En prenant pour hypothèse que se sentir lié socialement augmenterait la tendance à déshumaniser les personnes socialement plus éloignés, A. Waytz et N. Epley ont mené quatre expériences afin de mettre leur théorie à l’épreuve. Les trois premières expériences ont permis aux chercheurs de découvrir que les participants qui pensaient à une personne proche avaient une plus grande tendance à déshumaniser les autres. Contrairement au groupe témoin à qui l’on n’avait pas demandé de penser à un proche, le premier groupe ne parvenait pas à attribuer des aptitudes mentales et des caractéristiques humaines à des individus éloignés, ou avançait qu’il était acceptable de les traiter comme des animaux.

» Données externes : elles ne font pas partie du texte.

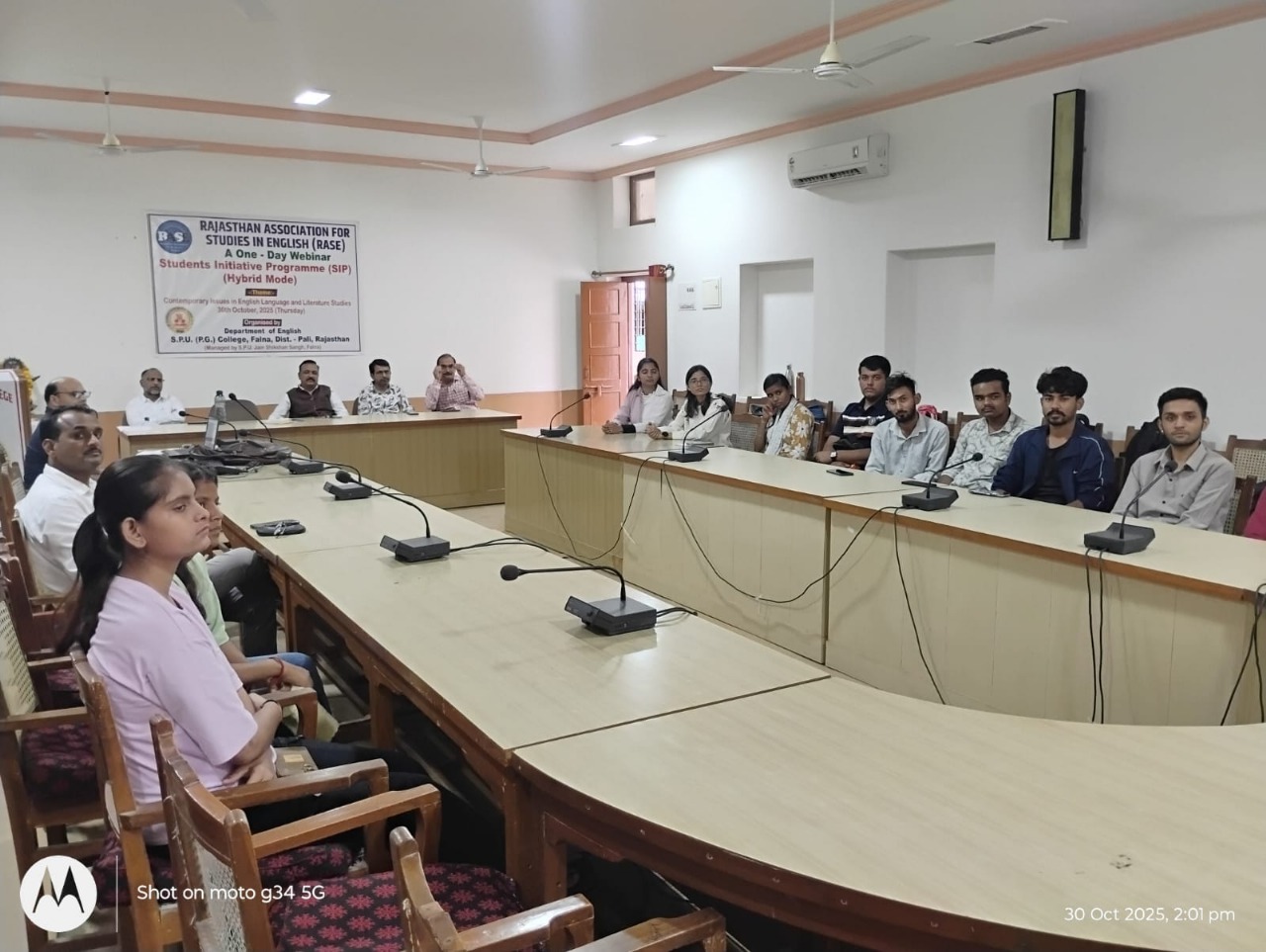 ब्लॉग लेखन एवं सोशल मीडिया भाषा कौशल को उजागर करने का नया माध्यम है – प्रो हेमेंद्र चंडालिया ब्लॉग लेखन एवं सोशल मीडिया भाषा कौशल को उजागर करने का नया माध्यम है – प्रो हेमेंद्र चंडालिया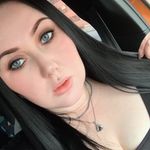 Bethany Rowe - @bethrowexo - Instagram
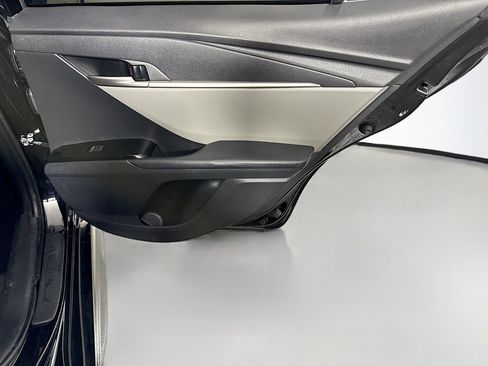 Used 2026 Toyota Camry SE FWD image 28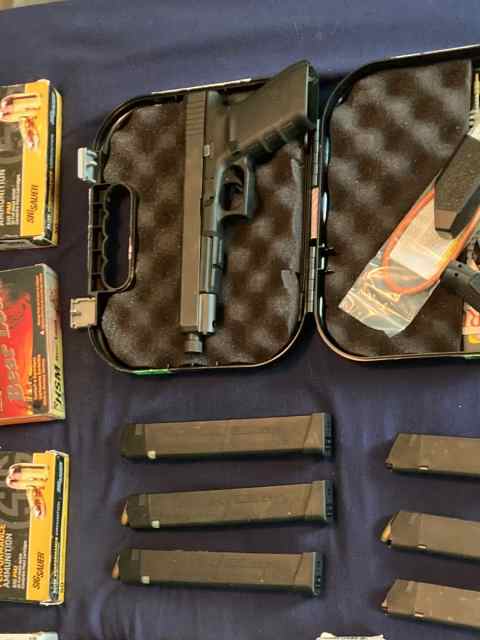 Glock G40 MOS 10mm +ammo/extras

Pour la quatrième expérience, les participants ont été répartis en deux groupes. Les participants du groupe « connecté » ont poursuivit l’étude avec la présence d’un ami dans la salle alors que l’autre groupe a terminé son étude avec la présence d’un étranger dans la salle. Les photos de 11 individus ont été présentées aux deux groupes en leur expliquant qu’il s’agissait de terroristes actuellement détenus pour leur implication dans les attentats du 11 septembre sur le World Trade Center. Les participants ont ensuite répondu à une série de questions, notamment concernant le degré d’acceptation de techniques de torture telles que la simulation de noyade ou les électrochocs.
Les chercheurs ont alors découvert que les participants du groupe “connecté” qui avaient rempli le questionnaire en présence d’un ami, « déshumanisaient les détenus de manière bien plus forte et qu’ils approuvaient plus facilement l’usage de la force que les participants du groupe témoin. »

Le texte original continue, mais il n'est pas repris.